Ransom Bello, chairman of CAN in Kano State, said the situation was getting out of hand and could lead to a religious war. “This is provocative because it could force Christians to react in the same manner. All these while Christians have kept quiet believing the attack will abate and again because violence is not part of the teaching of the Almighty God, we have remained calm” he said, adding that “we cannot continue like this and I hope government is evaluating the implication, which is a likely sign of antagonism against Christians and capable of provoking them to also react.” He urged the government to do everything within its power to halt the slide towards anarchy. “Government at all levels should view this development seriously before the country is plunged into a religious war.”

Bello regretted that the government had not been able to halt the insurgency and that each time the country witnessed a new attack, the response from government had always been that “we are on top of it, we are making efforts.”

In recent months, Boko Haram had been blamed for series of bombing and killing of Christians in places of worship in Northern Nigeria. The latest onslaught, prior to the Yelwa incident happened on April 29 inside the Bayero University in Kano when gun men stormed the open theatre being used as a church by Christians  and threw homemade bombs into it. The ensuing explosion, apart from the instant deaths it caused, led to a pandemonium that saw people fleeing for their lives, only to be cut down by a hail of gun fires by members of the sect who had taken position waiting for them. No less than 15 people, including two university professors, lost their lives in the attack.

Reacting to the incident, Federico Lombardi, the Vatican spokesman, said that: “the latest terror attacks in Nigeria ... during Christian religious celebrations are horrible and despicable acts to be condemned in the strongest possible way.”

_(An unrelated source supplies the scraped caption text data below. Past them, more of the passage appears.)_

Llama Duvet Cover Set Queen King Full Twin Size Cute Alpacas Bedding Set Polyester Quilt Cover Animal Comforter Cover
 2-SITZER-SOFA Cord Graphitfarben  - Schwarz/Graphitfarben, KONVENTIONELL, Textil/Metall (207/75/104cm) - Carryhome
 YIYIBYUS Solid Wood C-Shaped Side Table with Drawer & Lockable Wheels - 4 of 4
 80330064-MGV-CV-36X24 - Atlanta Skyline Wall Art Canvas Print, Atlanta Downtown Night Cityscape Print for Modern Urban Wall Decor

The Bayero University incident, came days after a suspected Boko Haram member drove a bomb laden car that exploded in an area close to a church in Kaduna. The incident occurred on Easter Sunday. Most of the victims, however, were said to be muslims, some of who were commercial motorcyclists, as the explosion occurred in an area where they usually hanged out, after the bomber was said to have changed his mind about heading towards the church, having noticed the security around the area. The number of dead were put at 36.

Before the Bayero incident, there was the Christmas Day bomb attack at Madalla, a border community between the Federal Capital Territory, Abuja and Niger State. That day, many parishioners of  St Theresa’s Church, Madalla, were either leaving or heading towards the church as the 6.00 am mass had just been concluded  and the  8.00 one about to follow. It was at that point that a suicide bomber drove the car that exploded within the church premises, leaving more than 40 people killed. While some died instantly, others gave up the ghost on the way to the hospital.

Apart from these incidents, similar bomb or gun related attacks had claimed the lives of both Christians and Muslims in other Nigerian states such as Borno, Yobe, Plateau, Adamawa and Taraba.

Following the Madalla incident, Ayo Oritsejafor, president of CAN, said Christians reserved the right to defend themselves in the face of attack.”We have the legitimate right … and we will do whatever it takes,” he said at the time. Further attacks saw him asserting that CAN was making “a final call to the Nigerian government to use all resources available to it to clearly define and neutralise the problem” as the Church leadership which has hitherto put “great restraint on the restive and aggrieved” Christians “can no longer guarantee such cooperation if this trend of terror is not halted immediately.”